32753 返信 Re:「ドイツ語」を話すユダヤ人 URL 水原文人 2005/02/07 01:25
tpknさん、

> > いずれにせよ、第二次大戦までは数百万人が日常的に使っていた言語が、ナチスの人種主義に依って壊滅してしまったことは恐るべきことです。
>
> 私が疑問に思うのは、上記のような歴史を持つイディッシュは、果たして「ナチスの人種主義によって」壊滅したと言えるのだろうか?ということです。ユダヤ人が自ら捨て去ったものではないですか?

あのサ、その件については以下の事情を説明しといたんだから、使えよ(笑)

「ここには極めて複雑なナショナリズムの歴史があります。多分に人工的な国民国家思想であるシオニズムのなかでユダヤ人=ヘブライ民族の民族の言語は、「ヘブライ語」と決められました(ほとんど死語であったにも関わらず)。建国直後のナショナリスティックな雰囲気のなかで、イディッシュ語(=ディアスポラの抑圧された時代のユダヤ人の言語)は嫌われ、事実上パブリックな場(別に政治的空間に限らず、要するに家の外)で話すことは事実上禁じられていましたし、移民たちの側でも「イスラエル人」という新たなアイデンティティに適応するため(一種の過剰適応とも言えるでしょう)にイディッシュ語を使わないという選択が多数派だったようです。

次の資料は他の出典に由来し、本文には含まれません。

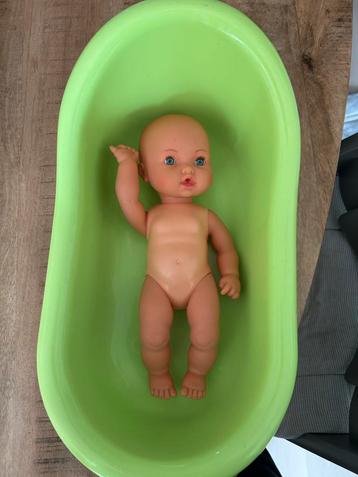 Babypop in badje beschikbaar voor biedingen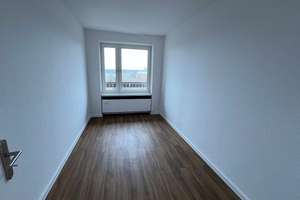 Herrliche Aussichten-nicht nur vom Balkon! 6-Zimmer-Residenz, Erstbezug nach Modernisierung, 2 Bäder – Goltsteinstr. 93, 50968 Bayenthal, Köln – Vorschaubild 10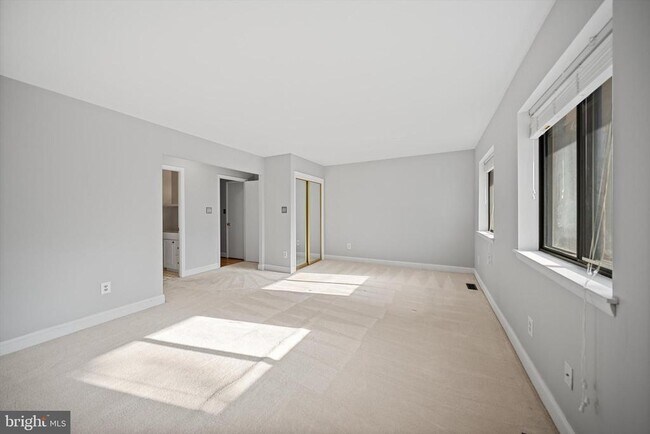 Building Photo - 3895 Steppes Ct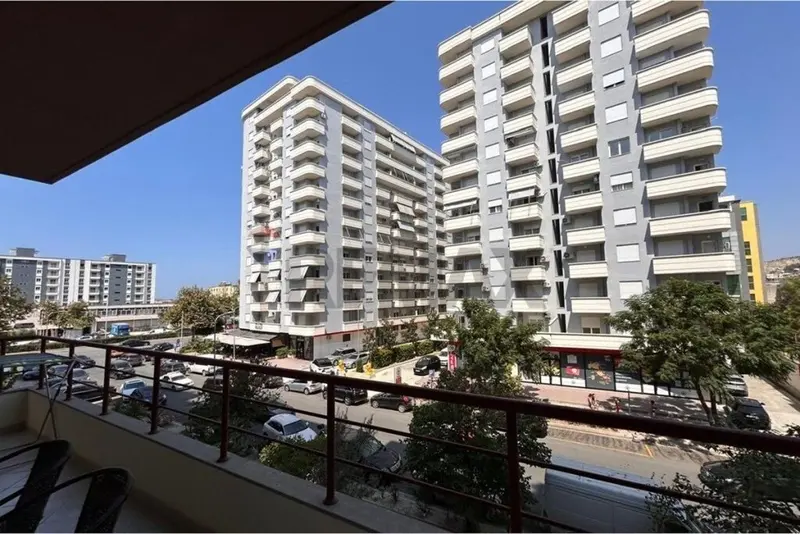 Apartament 2+1 me qera në Rruga Gjergj Kastrioti, Vlorë, 92 m²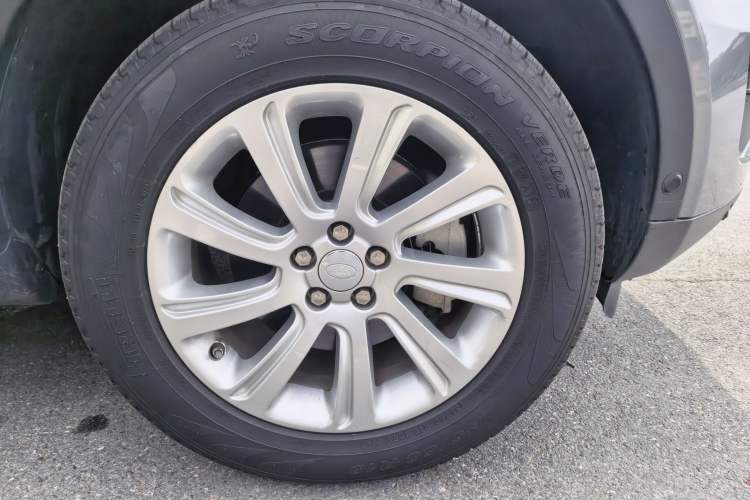Used Land Rover Discovery Sport 2018 240 PS SE Version Exterior 7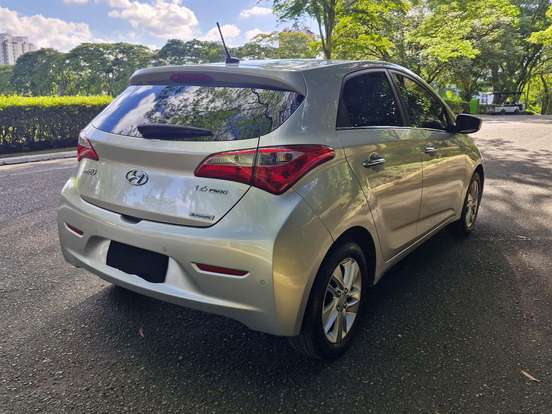 HYUNDAI-HB20-2015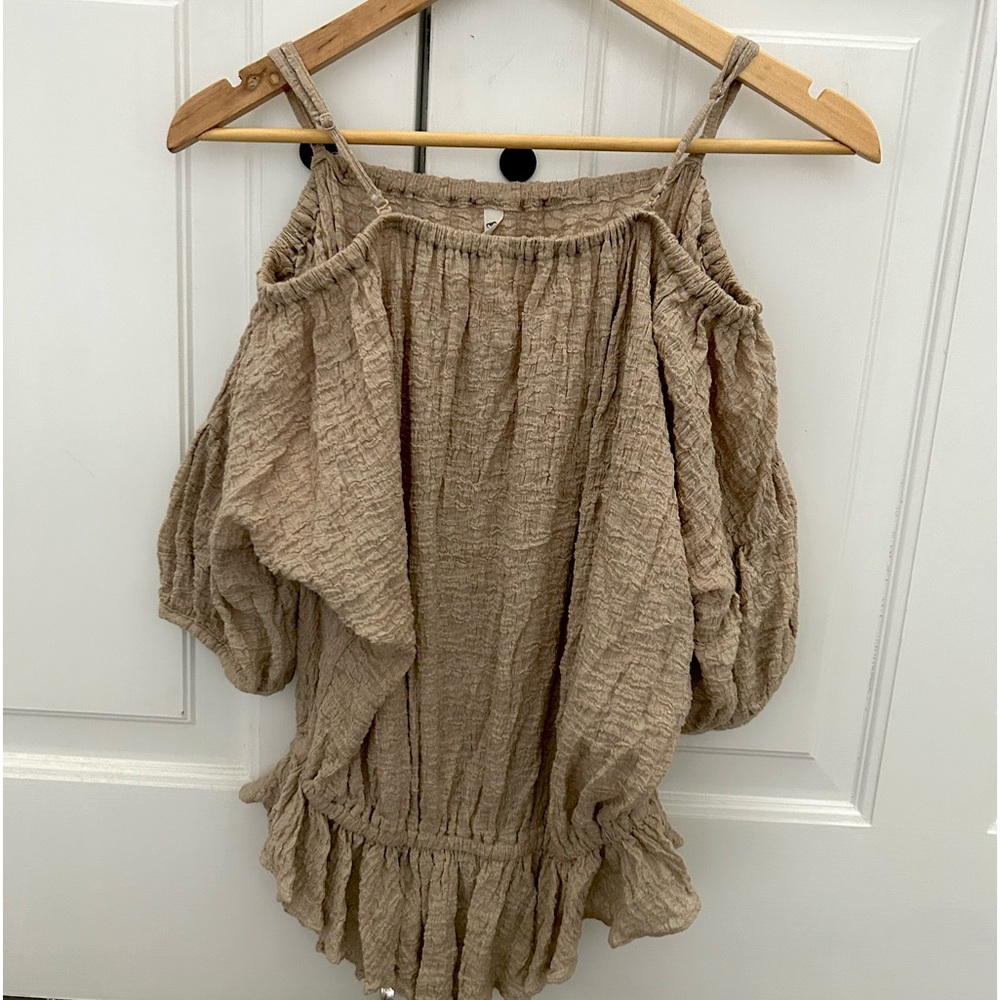 Off the shoulder Free People top. Shoulder straps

」
(32747番)

> > 私が言いたいことは、植民地時代に言語を奪われかかった朝鮮人の体験がいかに深刻なものであったということです。SONGさんのいうように、抑圧側にとっては思いがけないような深刻な事態をもたらすものです。北朝鮮や韓国における漢字の排除は、はたして民族文化にどのような貢献をするのかは疑問です。ここにも植民地支配の影響があるのではないでしょうか。

> このことも同様ですが、韓国や朝鮮の漢字排除(私が言及したのは日本式の「漢字熟語」排除であって漢字ではありませんが)、いったいどのような意味で「植民地支配の影響」と言えるのかということです。

言うまでもないことですが、被害者/被害民族であることがそのままそのその民族が完全に正義でイノセントであることを意味するわけがありません。2000年にわたり被抑圧民であり、ポグロムとホロコーストの被害者であったユダヤ人の、イスラエル建国をめぐるアラブ人(パレスティナ人)に対する抑圧や、自国内でのユダヤ人間での“人種差別”(と言って言いと思う)の“加害者”となったその歴史など、典型的な例でしょう。

一方で被害者であるパレスティナ人もまた、イノセントな存在であり続けることはできません。そこで特に森永さんにお聞きしたいんだけど、パレスティナ“過激派”(でもゲリラでもなんでもいいけど)による自爆テロのターゲットの多くが、中産階級以上のユダヤ人のイスラエル人にとって乗ることを避けられるバスであったり、移民労働者も多い(どちらかといえば)貧困地区であったりする結果、多くの中国人が犠牲になっていることについては、どうお考えでしょうか? (イスラエル側の発信したデマ情報である、なんてのはなしにして下さい。現に殺されています)。

被害者であること/被害者であったことに凝り固まったとき、その民族は極めて危険な方向に進んでしまうことは多々あります。というよりも、意識として「被害者であること/被害者であったこと/被害者になる可能性」こそ、狭量なナショナリズムを生み出す最大の動機であるとも言えるかもしれません。

ポグロムがもっとも激しかったのも、ドイツとロシア双方の抑圧に耐え忍んで来たポーランドでした。ナチス占領下では多くのポーランド人が密告などでホロコーストに協力し、また自らユダヤ人虐殺に手を染めたことも、最近ポーランド政府自身が認めました。

むろん一方で、ユダヤ人をかくまったポーランド人もまたたくさんいます。民族間の対立を、一方を被害者である正義、加害者である悪とだけみなして十把一絡げに考えてしまう意識の構造そのものが、対立を継続させるしかない二項対立を生み出してしまうだけで終わってしまうとも思えます。

むろんバカ単純な二項対立否定もまた、ただの裏返しで根本的には同じメンタリティの枠内から出ていない限界をいずれ曝け出すでしょう。本当に必要なのは、別の視点を選択することで自らをその対立図式から解放することではないかと思いますが、どうでしょうか?>SONGさん。

日本民族と朝鮮民族の二項対立に“挟まれた”格好の在日のポジションこそ、その視点に立ちうる可能性を秘めているようにも思えるのですが。